The thing about this kid is he’s picked a goal — a film that tells a meaningful story — and used 3D as the means to the end. As it should be, no? Easier said than done. In my experience it often takes so much time and energy to get results in 3D that the process takes over. This happens in any medium — viz the stereotypical book about the loveless, misunderstood college English professor who’s trying to write a book, or the self-referential indy film about the plucky, self-referential indy filmmaker.
David’s brilliance lies in stripping his process down to the bare minimum, mostly ignoring traditional workflows, and finding the paths of least resistance afforded by the tools to the result he wants. It comes across as a kind of technical judo — moving complexity away from places it isn’t needed toward places where it’ll be more useful.
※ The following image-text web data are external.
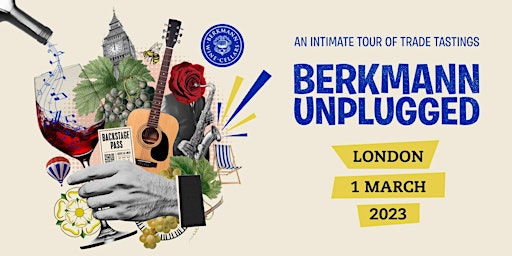 Berkmann Unplugged London Trade Tasting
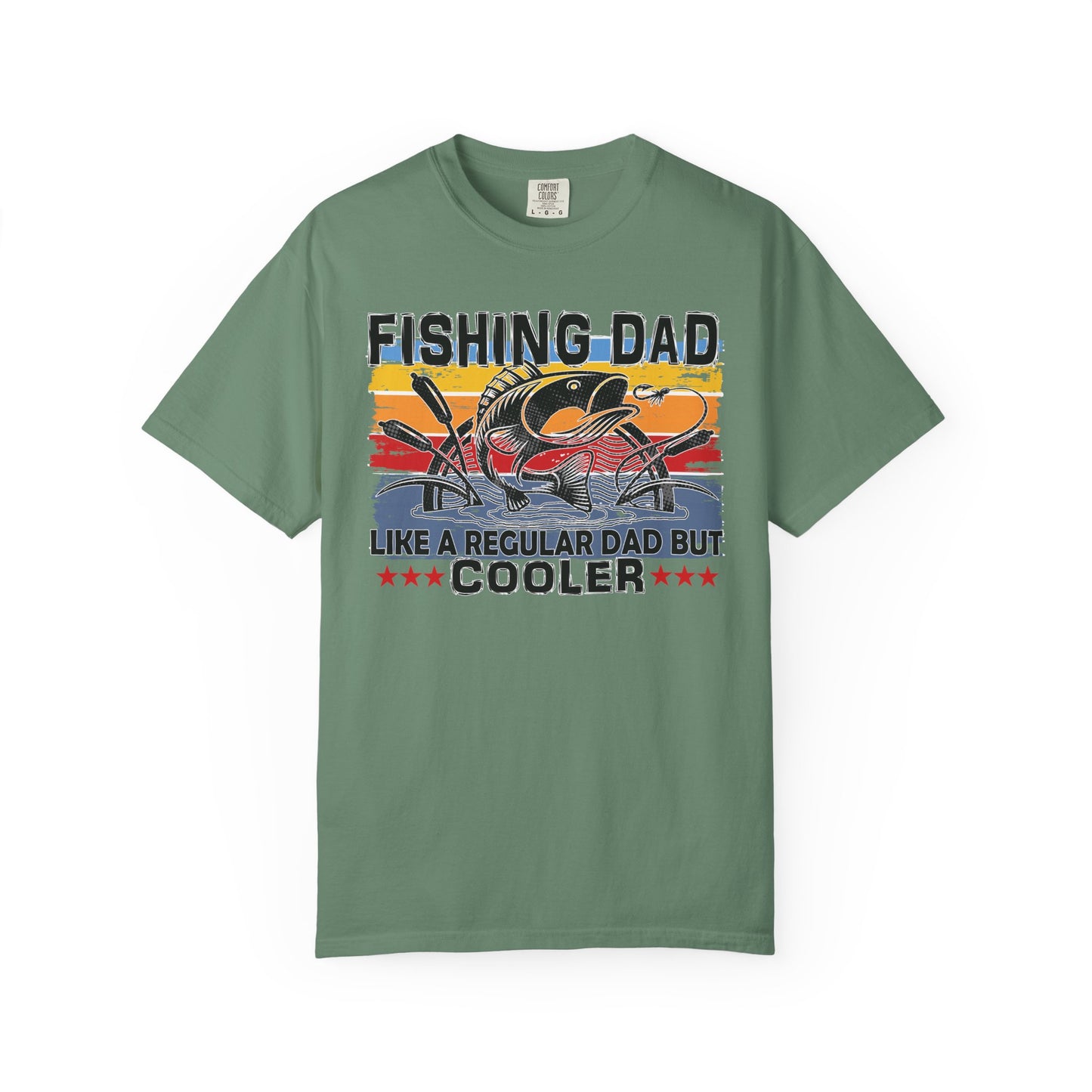 Fishing Dad T-shirt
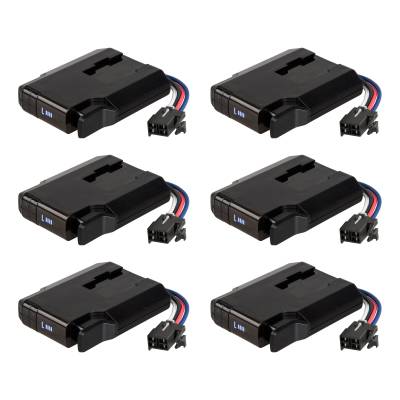 CURT - CURT 511166 Venturer NEXT Trailer Brake Controllers Time-Delay 6-Pack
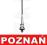 ANTENA CB PRESIDENT INDIANA 125CM/2dB/DACH-10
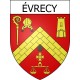 Évrecy 14 ville Stickers blason autocollant adhésif
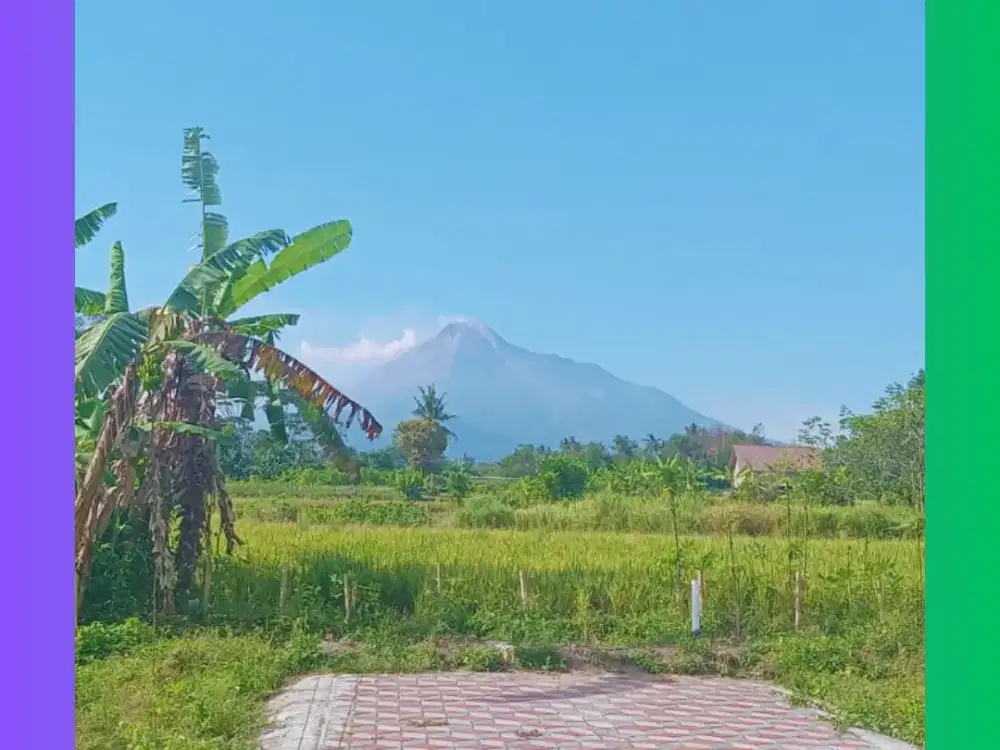 Tanah Jogja 2 MENIT SD BIAS KALIURANG balik Nama SHMP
In shots where the character is the focal point, the shots are very simple. Where the character is overwhelmed by circumstance, there is more detail.
In general, it’s all low-poly, few textures, and apparently all hardware renders. There’s no anti-aliasing, no motion blur. Traditional time-sucks like modeling, texturing, rigging, and rendering give way to pared-down and effective animation, lighting, and simulation work. It all feels extremely efficient.
None of this would be that impressive on its own, but that the work it supports happens to be advanced conceptually, especially in the language of film and design. The story itself is simple but the acting, pacing, and editing are all subtle and sensitive. He’s also clearly some kind of composition savant, and my only hope of retaining any pride at all in the face of such prodigious skill is the knowledge that he probably can’t tie his own shoes.
Congratulations David, let me know if you need any help with your shoes.